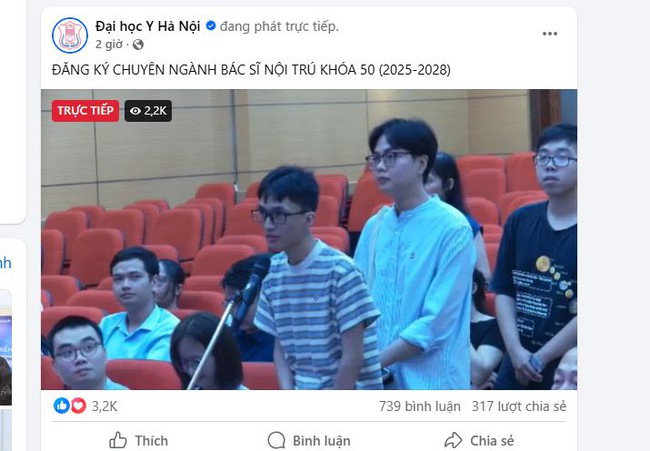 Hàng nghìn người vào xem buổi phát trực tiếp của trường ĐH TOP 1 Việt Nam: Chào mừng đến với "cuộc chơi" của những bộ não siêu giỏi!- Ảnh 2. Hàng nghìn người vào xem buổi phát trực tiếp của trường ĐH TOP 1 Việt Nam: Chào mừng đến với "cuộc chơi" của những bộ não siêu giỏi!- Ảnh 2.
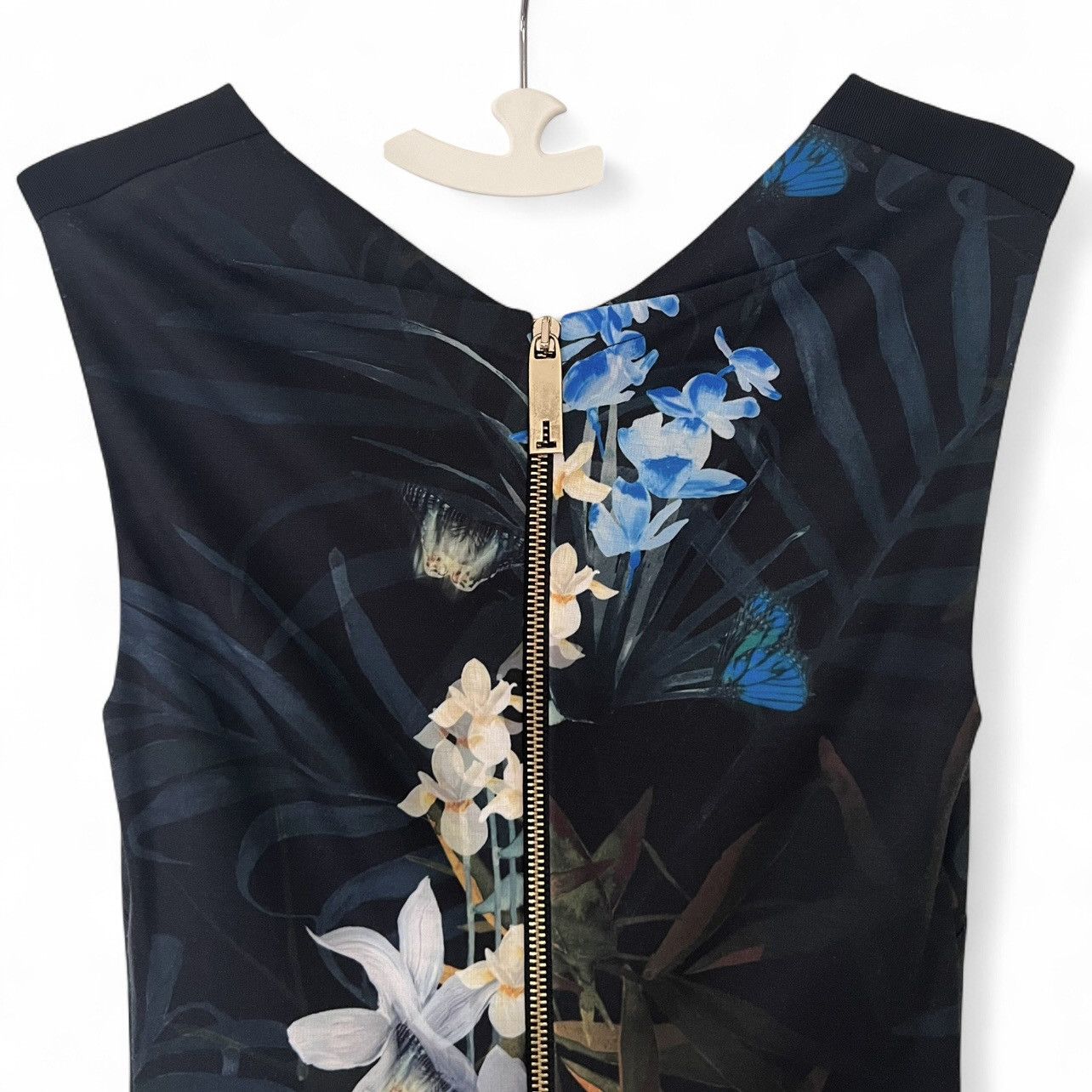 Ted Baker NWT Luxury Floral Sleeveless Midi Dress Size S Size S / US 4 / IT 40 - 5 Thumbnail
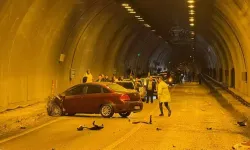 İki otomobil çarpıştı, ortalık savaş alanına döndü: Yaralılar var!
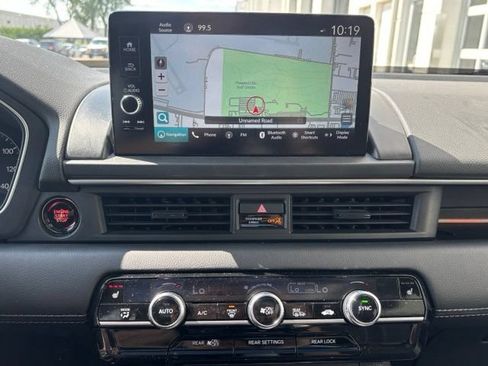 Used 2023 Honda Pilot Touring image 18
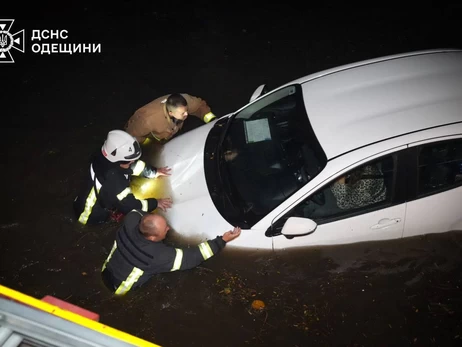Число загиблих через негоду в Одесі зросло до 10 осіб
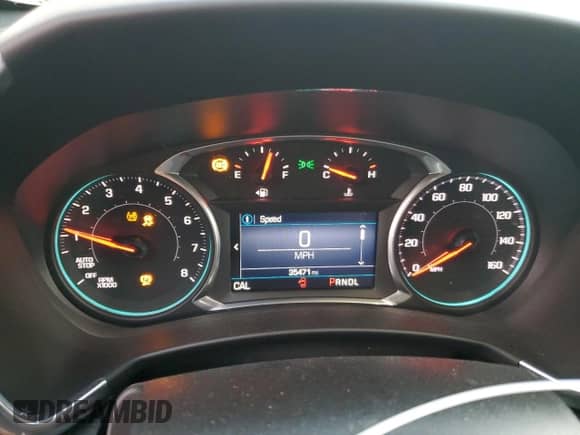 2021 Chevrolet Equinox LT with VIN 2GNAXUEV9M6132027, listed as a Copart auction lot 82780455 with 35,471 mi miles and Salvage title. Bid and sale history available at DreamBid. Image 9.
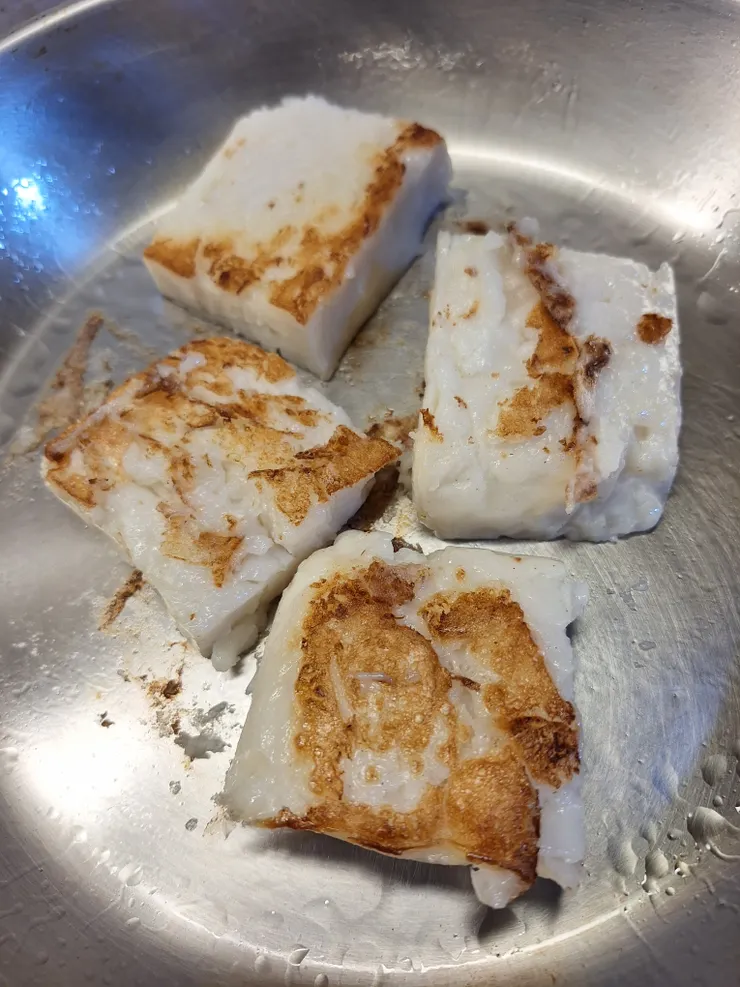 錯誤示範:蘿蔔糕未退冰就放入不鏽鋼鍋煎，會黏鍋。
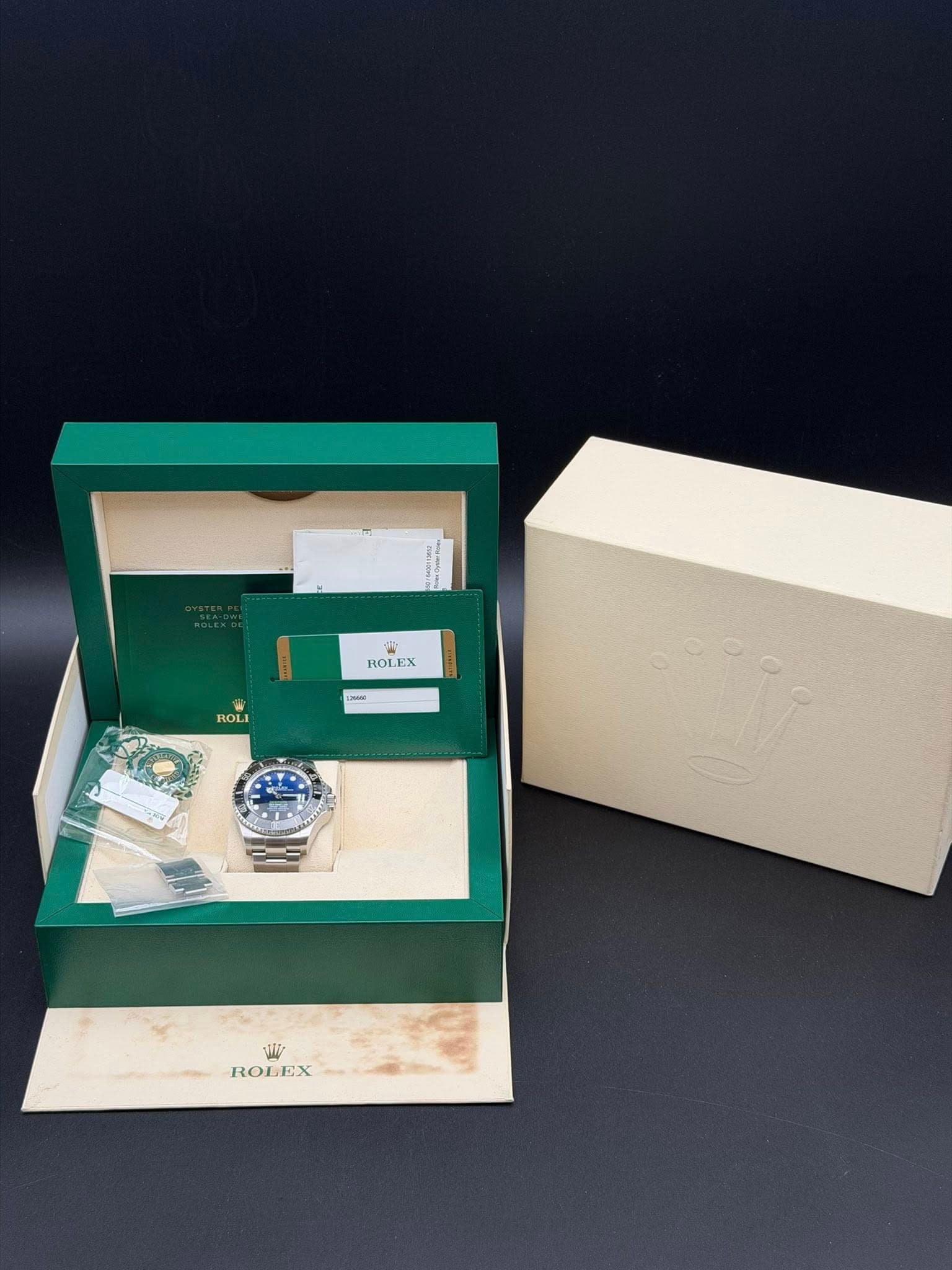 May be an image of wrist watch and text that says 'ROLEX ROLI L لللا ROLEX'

◇ ◇ ◇ ◇ ◇

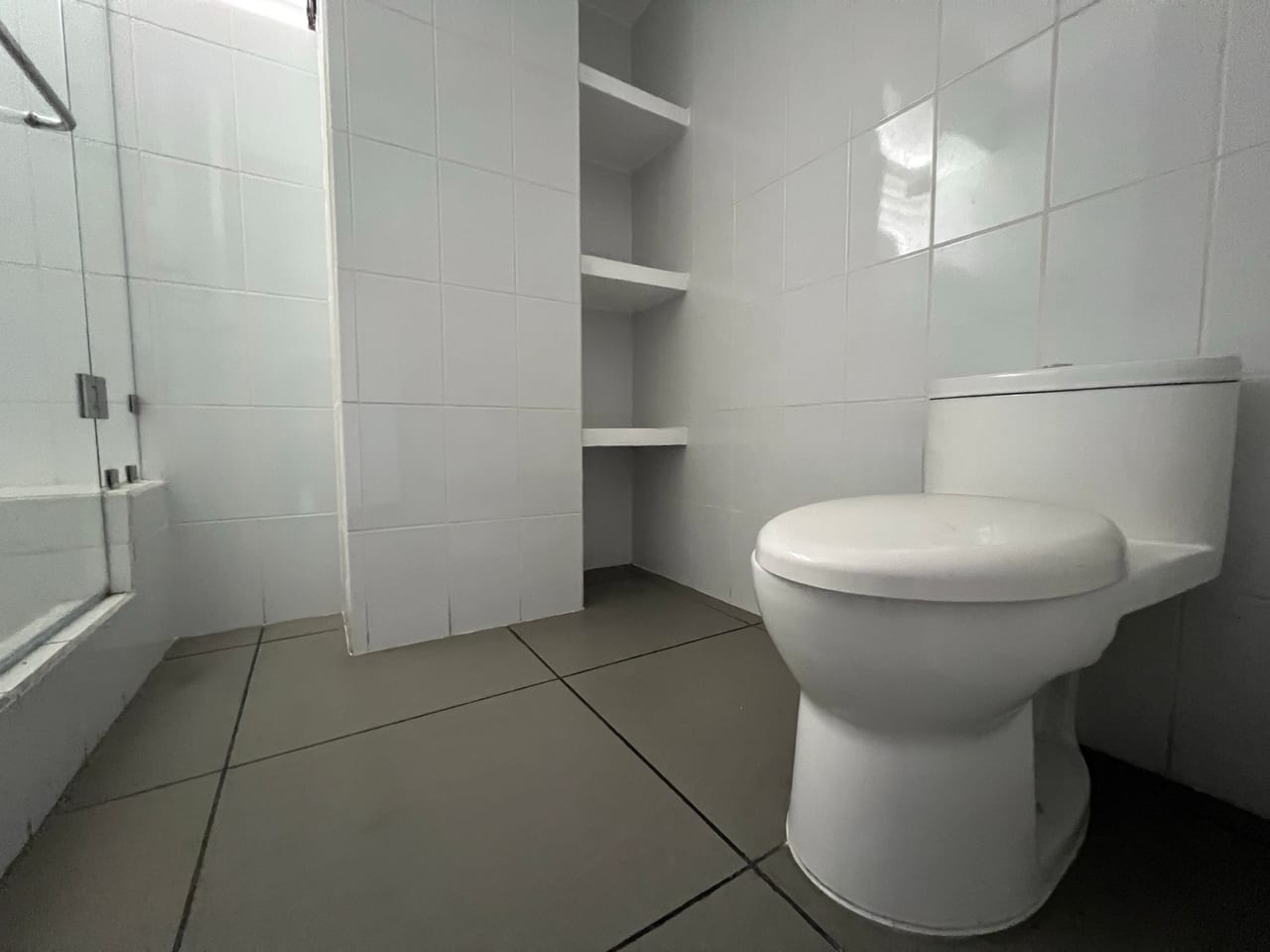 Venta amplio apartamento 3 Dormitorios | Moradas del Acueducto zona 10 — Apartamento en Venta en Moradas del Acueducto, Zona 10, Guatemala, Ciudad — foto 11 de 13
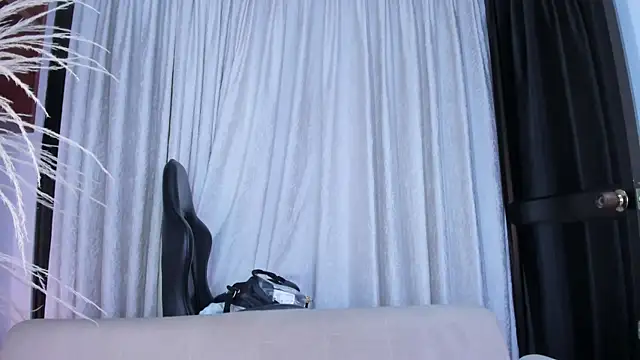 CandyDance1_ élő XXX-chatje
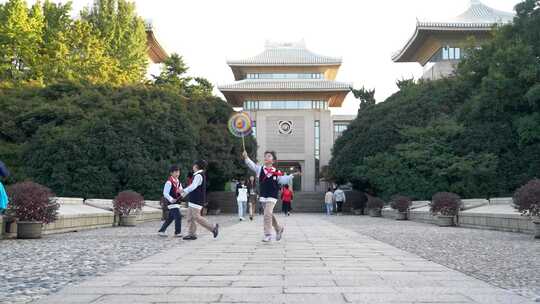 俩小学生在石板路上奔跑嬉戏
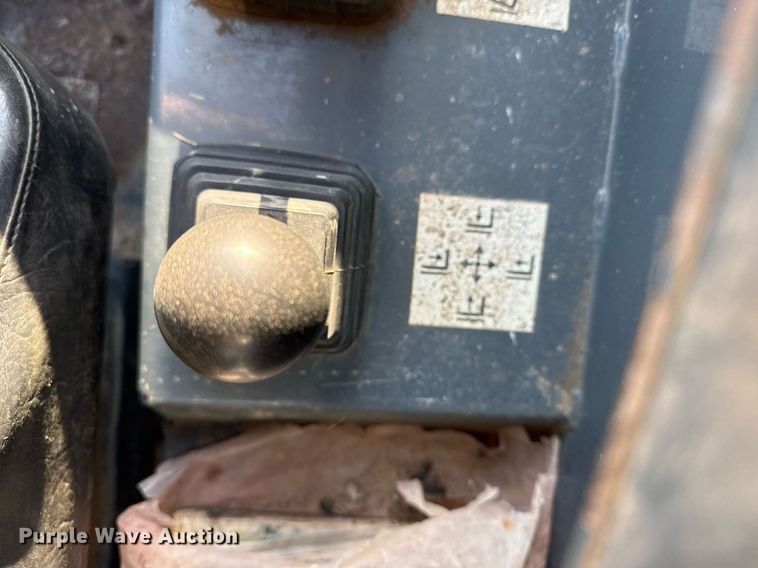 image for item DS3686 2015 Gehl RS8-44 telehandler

◇ ◇ ◇ ◇ ◇

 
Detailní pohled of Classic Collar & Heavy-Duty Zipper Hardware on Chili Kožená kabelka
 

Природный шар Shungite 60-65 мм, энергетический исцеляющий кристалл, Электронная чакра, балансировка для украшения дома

◇ ◇ ◇ ◇ ◇

- **Goal of the exercise**: The lines above, starting at the one with "Detailní pohled of" and ending at the one with "Природный шар Shungite", are the only ones to return, exactly as written.

- **Solution for this problem**:
Detailní pohled of Classic Collar & Heavy-Duty Zipper Hardware on Chili Kožená kabelka
 

Природный шар Shungite 60-65 мм, энергетический исцеляющий кристалл, Электронная чакра, балансировка для украшения дома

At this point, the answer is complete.